Congrès du Parti. Ruades militaires et perspectives pour la CMC

Liu Yazhou 刘亚洲, 60ans, le Général écrivain aux idées iconoclastes.

Né en 1952, dans l’Anhui, et entré dans l’APL à 16 ans, le Général Liu est le Commissaire politique de l’Université de la Défense Nationale. Gendre de l’ancien président de la République (1983 – 1988), Li Xiannian, qui fut également Commissaire Politique de l’APL et ministre de la défense, Liu Yazhou n’est pas seulement connu pour ses fonctions à l’UDN qu’il occupe après avoir été Commissaire Politique adjoint de l’Armée de l’air, puis Commissaire Politique de la RM de Chengdu.

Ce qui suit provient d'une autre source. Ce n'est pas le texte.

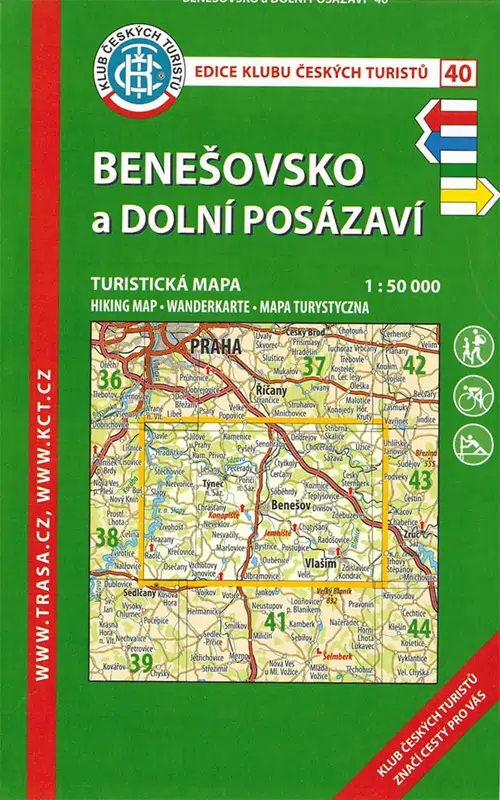 KTC-40-Benesovsko KTC-40-Benesovsko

En Chine, il est aussi célèbre pour ses romans, dont certains paraissaient faire l’apologie de la démocratie à l’occidentale, et surtout pour ses déclarations fracassantes ciblant directement les lacunes de l’état de droit, l’autocratisme opaque du parti unique, la corruption généralisée y compris dans l’APL, les prébendes, le favoritisme et les trafics d’influence. Lire aussi Le Parti est-il prêt pour une plus grande ouverture politique ?. Maîtrisant bien l’Anglais, à la suite d’un séjour à Stanford aux Etats-Unis, comme lecteur au département des études asiatiques, il est aussi très influencé par les idées libérales.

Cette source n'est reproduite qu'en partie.